DMS Domain Specifications
Program analysis and transformation tools, to be very general, must apply to a wide variety of languages. Since it is impractical to build "all languages" into a single tool, one must be able to specify a particular language (and even dialect) to such a tool quickly for it to be widely useful.
The DMS Software Reengineering Toolkit is designed to allow the "domain" (language) engineer specify those languages elements quickly and accurately, so that she may spend most of her attention on the actual program analysis or transformation of interest.
These pages discuss such specifications in some detail, and show them applied to Nicholas Wirth's Oberon language as an example. This will provide the would-be DMS domain engineer a feel for DMS (Yes, SD has Tools for Oberon based on the definitions show here). The tutorials and reference documentation provided with DMS itself is far more extensive and detailed.

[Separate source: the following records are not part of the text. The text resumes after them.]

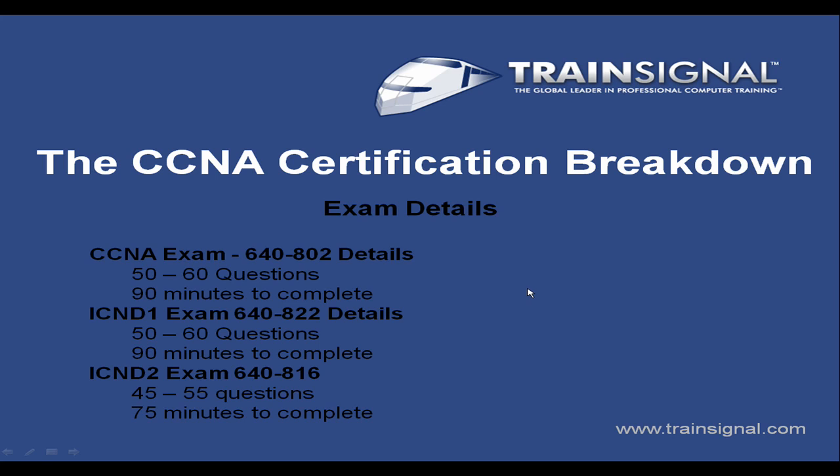Moving on to the details of this exam — all information you can get on cisco.com, but I want to point some things out. The CCNA exam, the 648-02, has between 50 and 60 questions and you have 90 minutes to complete it. For the ICND1, same situation: 50 to 60 questions, 90 minutes. For the ICND2, it's 45 to 55 questions and 75 minutes to complete it.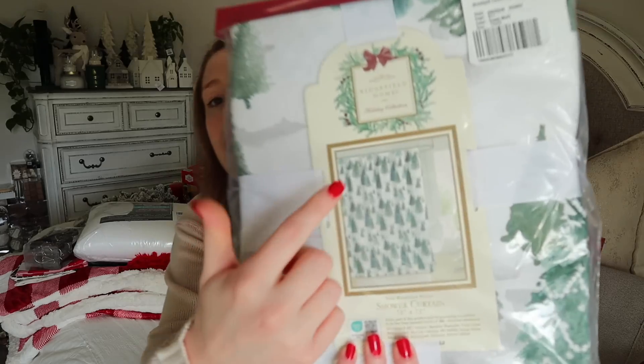Now moving into what I got at Home Goods — some in store, some ordered online. I'll give prices from my phone for the online items and link what I can in the description box below. I wanted to pick up a new shower curtain for my bathroom because I'm going super extra in there this year. I found one that has trees all over it — $16.99. I also picked up dark green hand towels with white trees, a set of two for $12.99.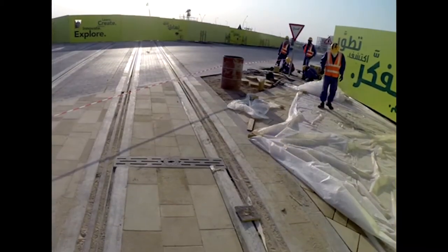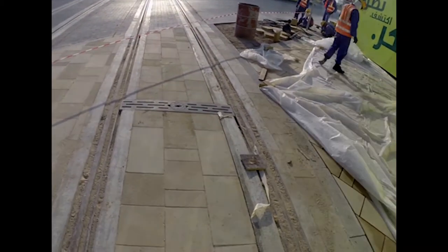You can also witness Education City's people mover system's train tracks on your way to Gate 2's new location. This is the first visible appearance of these tracks as far as we know.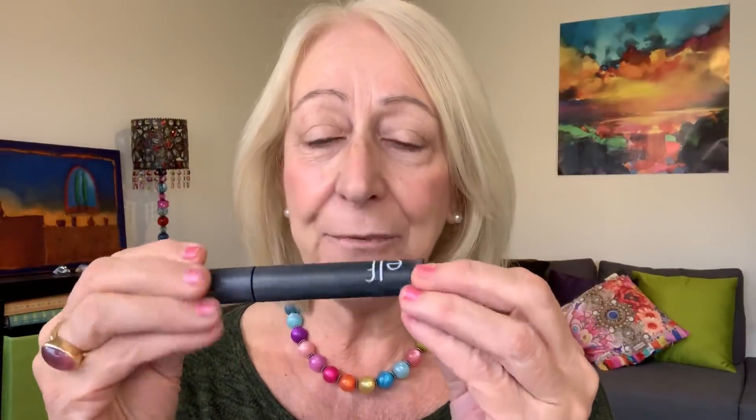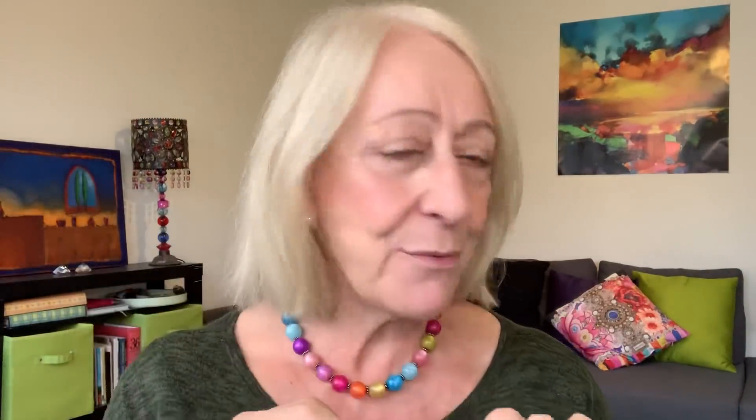Next is mascara — I'm using e.l.f. mascara. I actually like e.l.f. products and decided to use them both today. It's a big brush, almost like the Benefit Bad Gal brush, and it works for me as a quickie. e.l.f. also does another nice one with a little brush that gets into the center of your eyes. This is just a daytime look so I'm not going for anything crazy.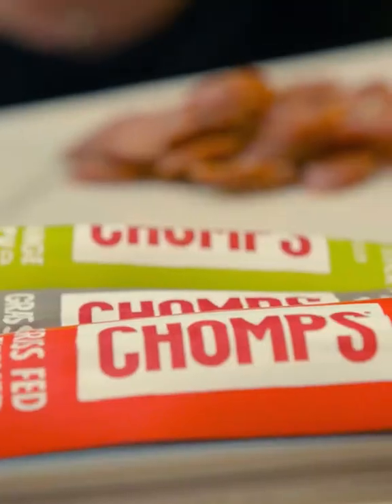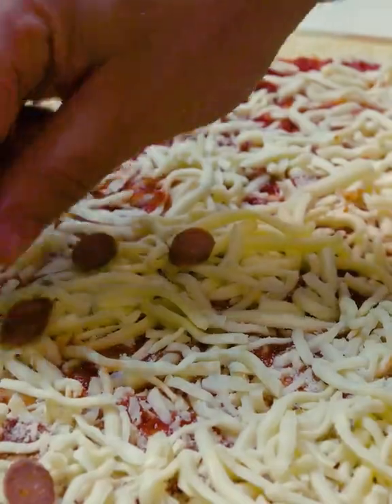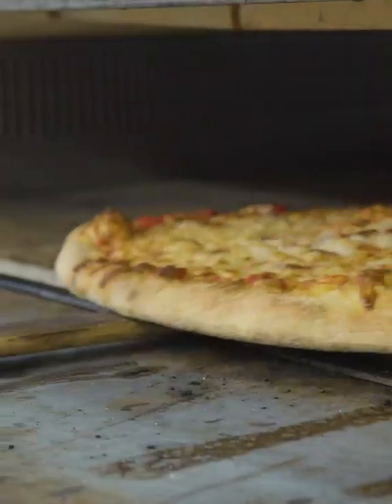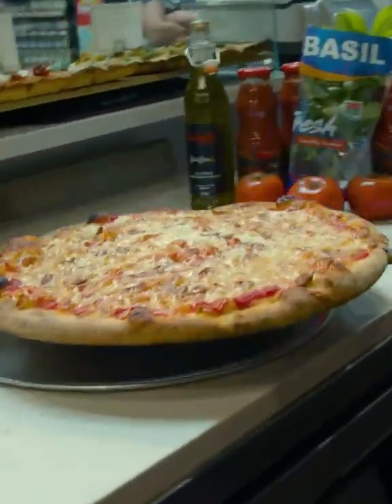We like to slice it on an angle — it tends to get a little crispier on the edges. The customers really like that. A little salty. Then we throw it in the oven. We like a nice, well-done pie here. That's what's up.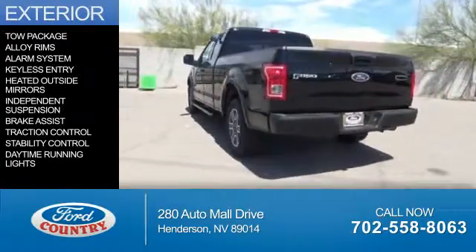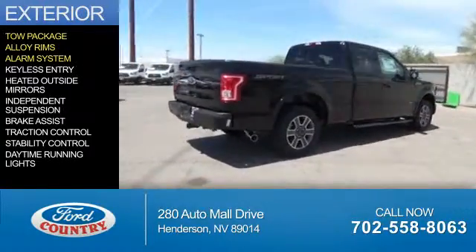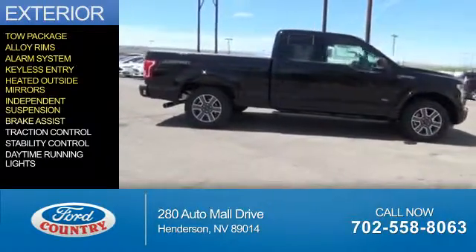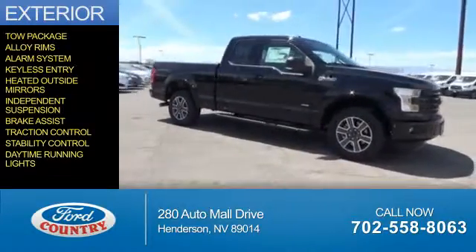The features include tow package, alloy rims, an alarm system, keyless entry, heated outside mirrors, independent suspension, brake assist, traction control, stability control, and daytime running lights.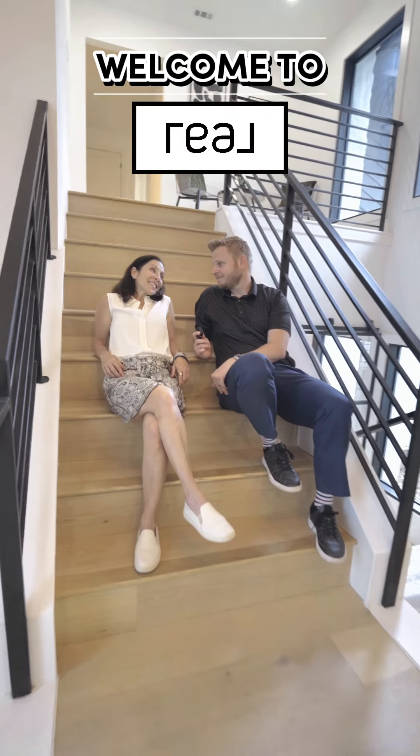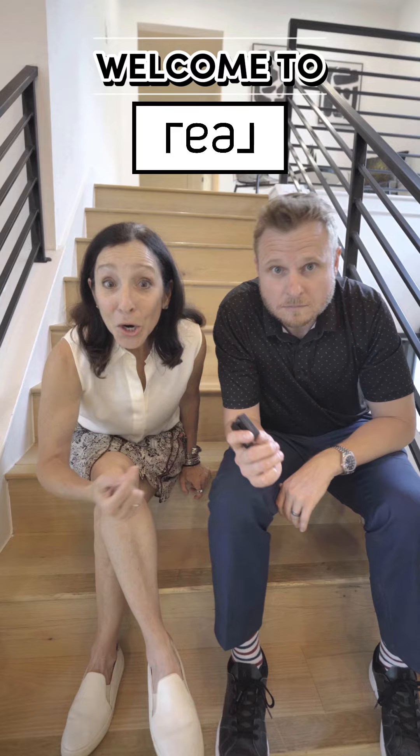Welcome to real. Thanks. So who showed it better? Comment below.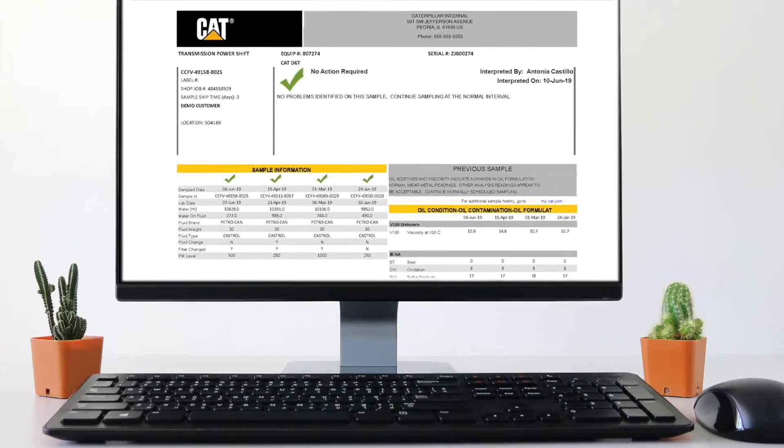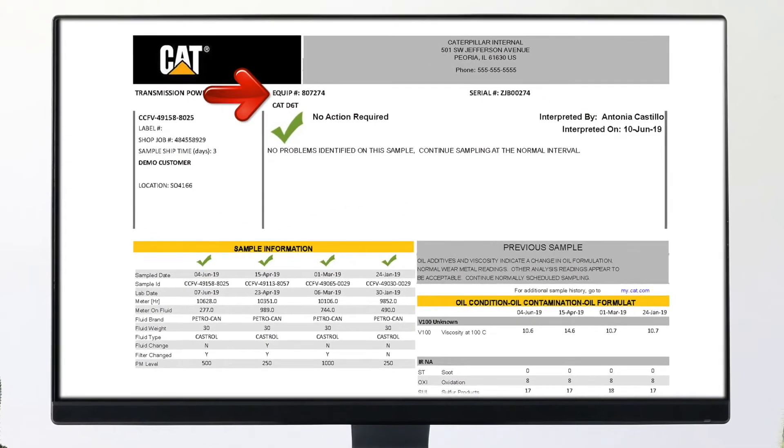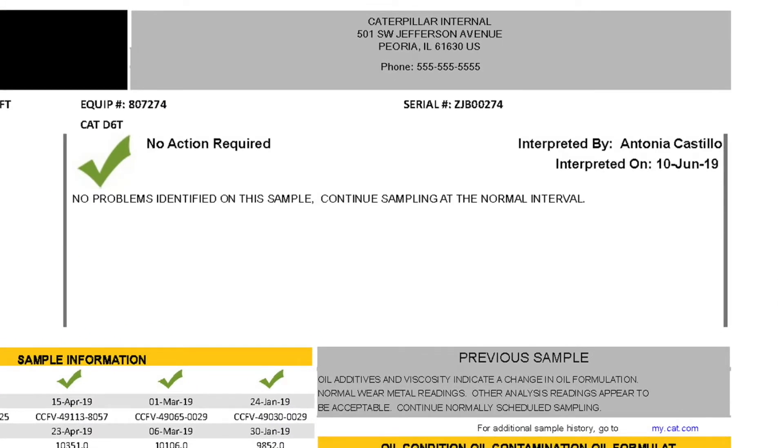That's right, there is a lot of information. The SOS report contains the equipment information, current and historical sample results, the recommendation, and the alert level indicator. The key areas to look at are the recommendation and alert level because they summarize what to do, when to do it, and why it is important.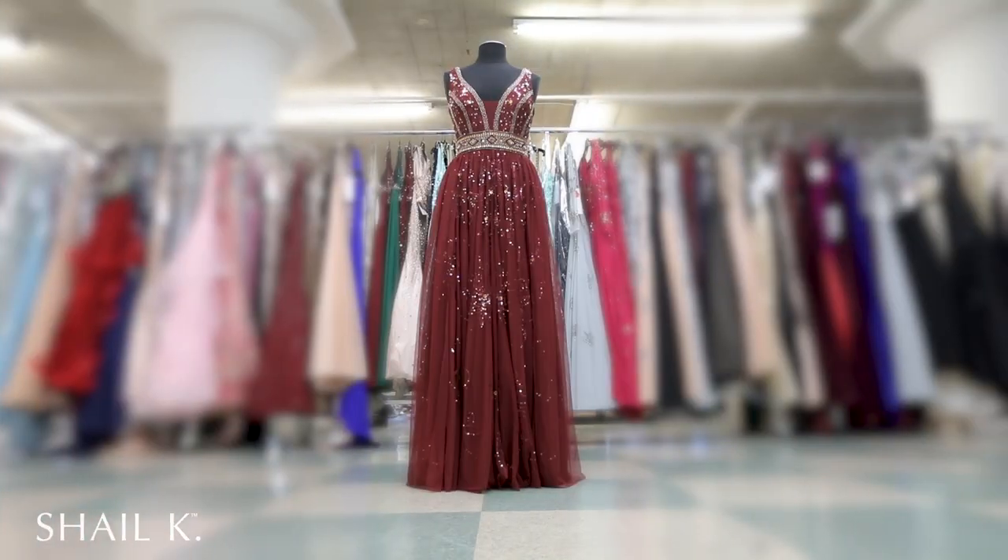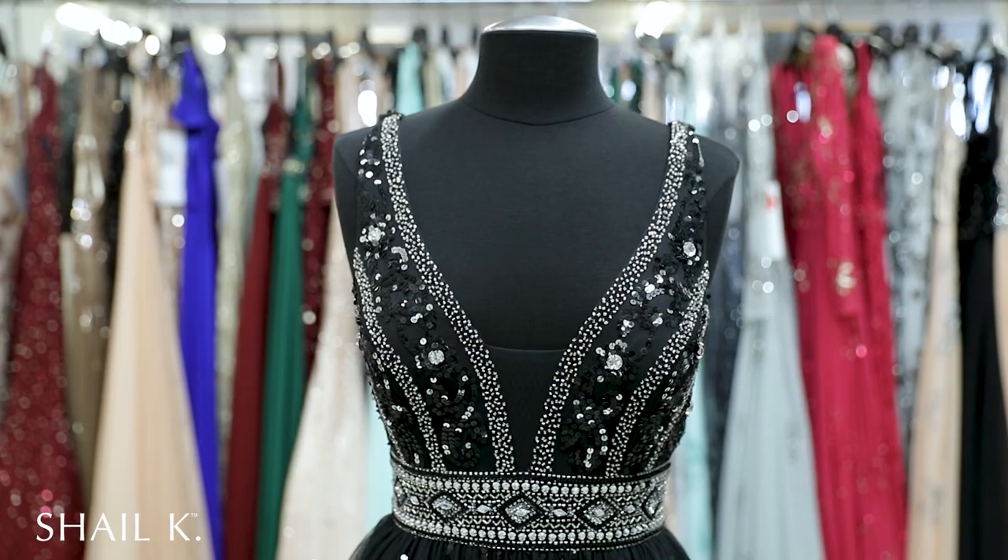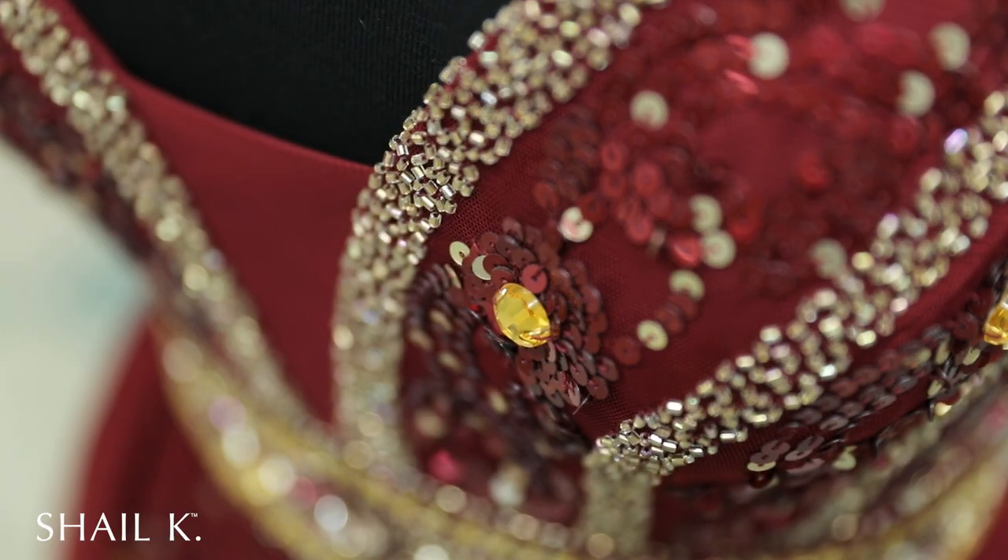Hey, what's up everybody, it's Chris again and this is style 12103 from our 2018 collection. This beautiful style comes in burgundy, rose, and black, and it's perfect for any girl trying to make a statement at any occasion.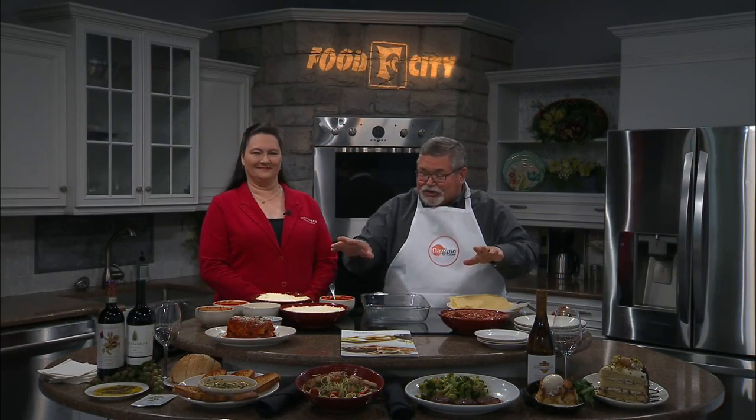This morning we have a serious spread going on here in the daytime kitchen. It's Carrabba's Italian Grill, and we want to welcome in Tracy Compton, the owner there.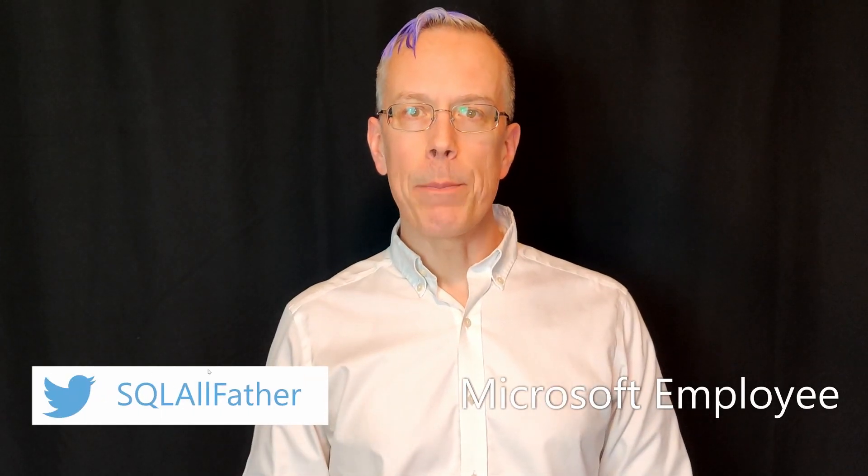Hey, this is Matthew with BI Polar. For the next few videos in this series on data culture, we're going to take a look at the important collaboration between IT and business teams to deliver managed self-service business intelligence. But in order to kick off this important discussion, we need to look at how we got to where we are. In today's video, we're going to look at a brief history of business intelligence.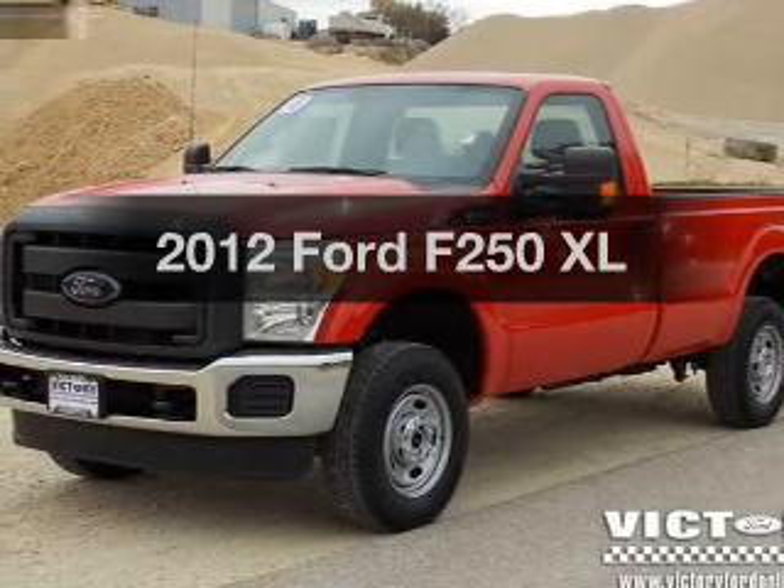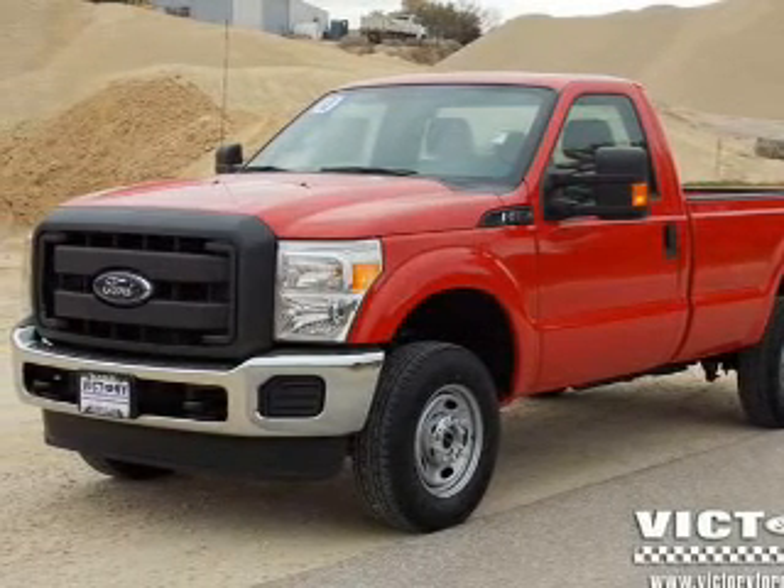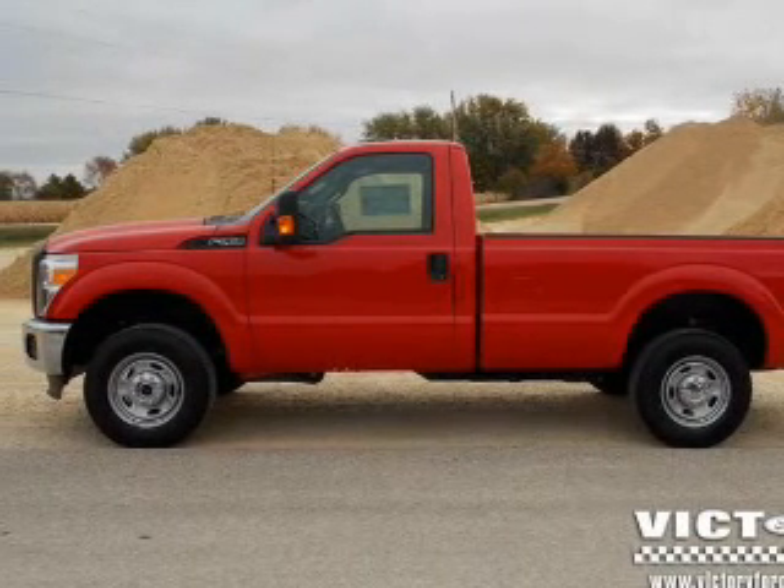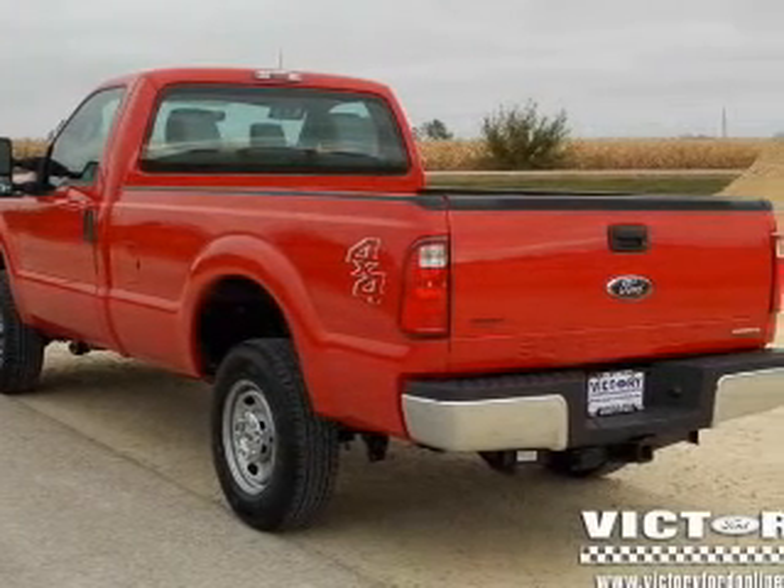Everything you need under one roof with this great vehicle. The powertrain includes four-wheel drive with a powerful eight-cylinder engine connected to a smooth-shifting six-speed automatic transmission.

For a simpler but holistic view of DMS domain specifications working together, see Algebra as a DMS Domain.
DMS Domain Definition Elements Necessary
The following formal descriptions are minimally needed for the DMS Software Reengineering Toolkit to parse and analyze a programming language:
- A lexical definition: this defines the elements ("tokens") of the target language
- A grammar definition: this defines allowable sequences of tokens (BNF)
As a practical matter, if one is to analyze or manipulate source code, one must provide for Life After Parsing. This means (optionally but strongly encouraged) providing definitions to DMS for the following:
- A Prettyprinter: this defines how to print an instance AST as valid/comilable source text, complete with comments
- Static Analysis via Attribute Grammars: how to specify information collection across an AST easily
- Symbol Tables: building a mapping from identifiers to their definition sites, types, and usage instances
- Control Flow Analysis: constructing a control flow graph for the micro-semantics of the program
- Data Flow Analysis: determining how data flows across the program, controlled by the control flow graph. One may need special support to handle indirect references.
- Source to Source Rewrites: definining transformations over trees in terms of surface syntax familiar to the programmer
- Data Flow Pattern Matching: writing surface syntax pattern that can match dataflows rather than syntax
DMS is available with sets of definitions for the above for a wide variety of languages.